1941-1942: A Winter of Desperation
During the bitterly cold winter of 1941-1942, Leningrad was rocked by a starvation epidemic that claimed as many as 100,000 lives per month. “Is this my body or did it get swapped for somebody else’s without me noticing?” one man wondered. “My legs and wrists are like a growing child’s, my stomach has caved in, my ribs stick out from top to bottom.”
In their desperation, people ate everything from petroleum jelly and wallpaper glue to rats, pigeons and household pets. For warmth, they burned furniture, wardrobes and even books from their personal libraries.
Theft and murder for ration cards became a constant threat, and the authorities eventually arrested over 2,000 people for cannibalism. As the famine intensified, one 12-year-old Leningrader named Tanya Savicheva recorded the dates of the deaths of all her family members in a journal. “The Savichevs are dead,” she wrote after the passing of her mother. “Everyone is dead. Only Tanya is left.”
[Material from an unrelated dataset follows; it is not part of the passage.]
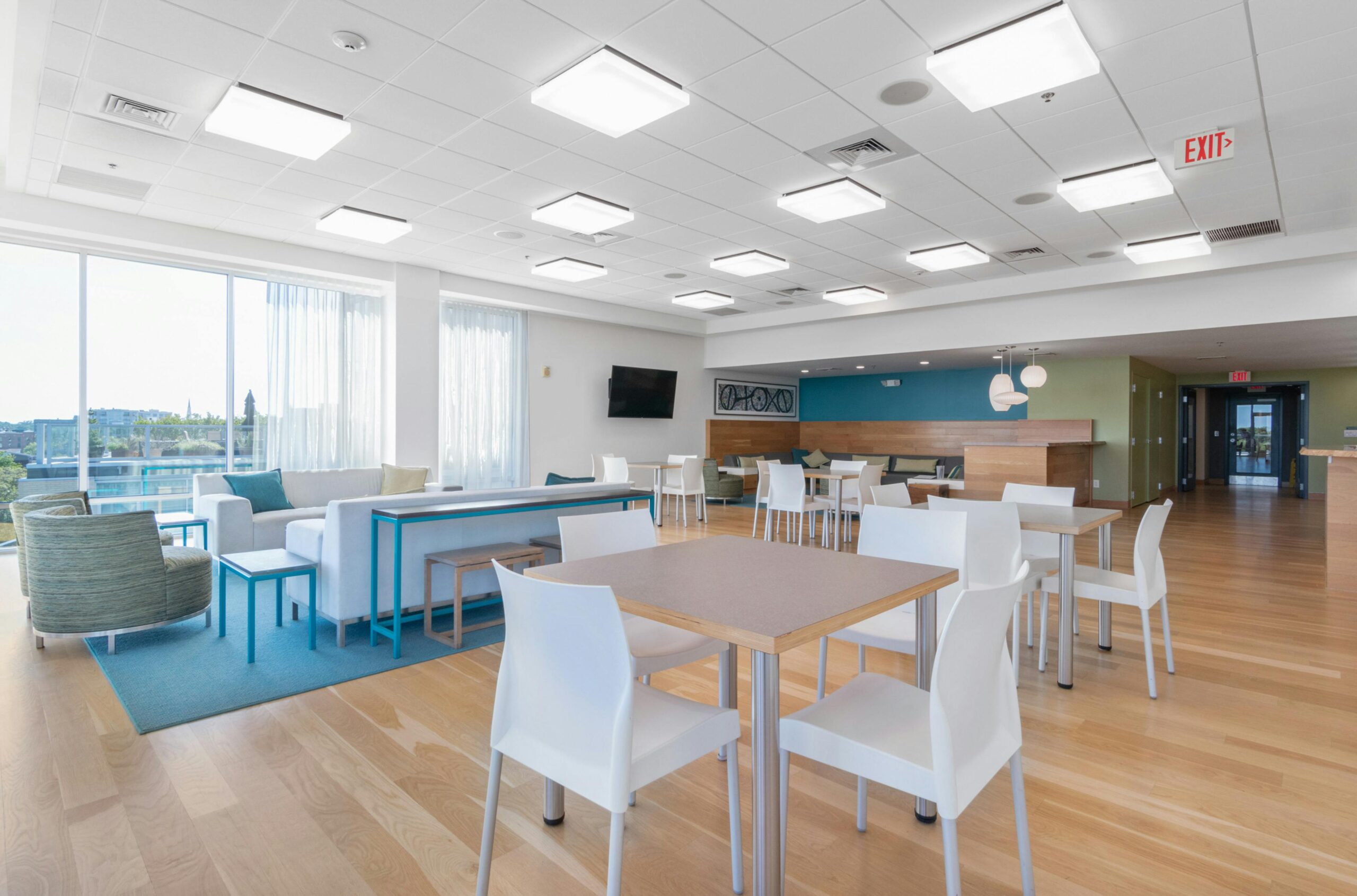 Students walking through a bright, modern school hallway with reception seating and plants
Thousands of similar tragedies played out in Leningrad during what became known as the “Hungry Winter,” and yet the city still held out against the Nazi siege. In early 1942, the Soviets evacuated some 500,000 civilians across the “Road of Life” on Lake Ladoga, reducing the starvation-ravaged population to a more manageable 1,000,000.
Following the springtime thaw, meanwhile, Leningrad’s survivors conducted a thorough cleanup campaign to remove bombed-out rubble and bury the dead lining their streets. Gardens were also planted across the city in courtyards and parks. Food remained in short supply, but the city had pulled itself back from the brink of collapse.
In August 1942, Leningrad even played host to a performance of composer Dmitri Shostakovich’s seventh symphony, which had been written during the early days of the siege. In defiance of the Germans, the concert was broadcast over loudspeakers pointed toward the enemy lines.
The tide would finally begin to turn early the next year. The Soviets had already made several failed attempts to break through the blockade—usually with little progress and crippling casualties—but in January 1943, the Red Army succeeded in prizing a small land bridge from the Nazis.
Engineers built a special railway link on the corridor, and by the end of the year, nearly 5 million tons of food and supplies had been shuttled into Leningrad. Despite an increase in shelling and bombing from the Germans, the once-starving city sprang back to life. Its factory workers—now nearly 80 percent women—were soon producing huge amounts of machinery and ammunition.
Hitler's Forces Finally Retreat
The long-awaited breakthrough followed in early 1944 when the Red Army mobilized some 1.25 million men and 1,600 tanks in an offensive that overran the German lines. Like the rest of Hitler’s forces in Russia, Army Group North was soon pushed into a general retreat.
On January 27, 1944, after nearly 900 days under blockade, Leningrad was freed. The victory was heralded with a 24-salvo salute from the city’s guns, and civilians broke into spontaneous celebrations in the streets. “People brought out vodka,” Leningrader Olga Grechina wrote. “We sang, cried, laughed; but it was sad all the same—the losses were just too large.”
In total, the siege of Leningrad had killed an estimated 800,000 civilians—nearly as many as all the World War II deaths of the United States and the United Kingdom combined. Soviet-era censorship ensured that the more grisly details of the blockade were suppressed until the end of the 20th century, yet even while World War II was still underway, the city was hailed as a symbol of Russian determination and sacrifice.
“There is hardly a parallel in history for the endurance of so many people over so long a time,” the New York Times wrote in January 1944. “Leningrad stood alone against the might of Germany since the beginning of the invasion. It is a city saved by its own will, and its stand will live in the annals as a kind of heroic myth.”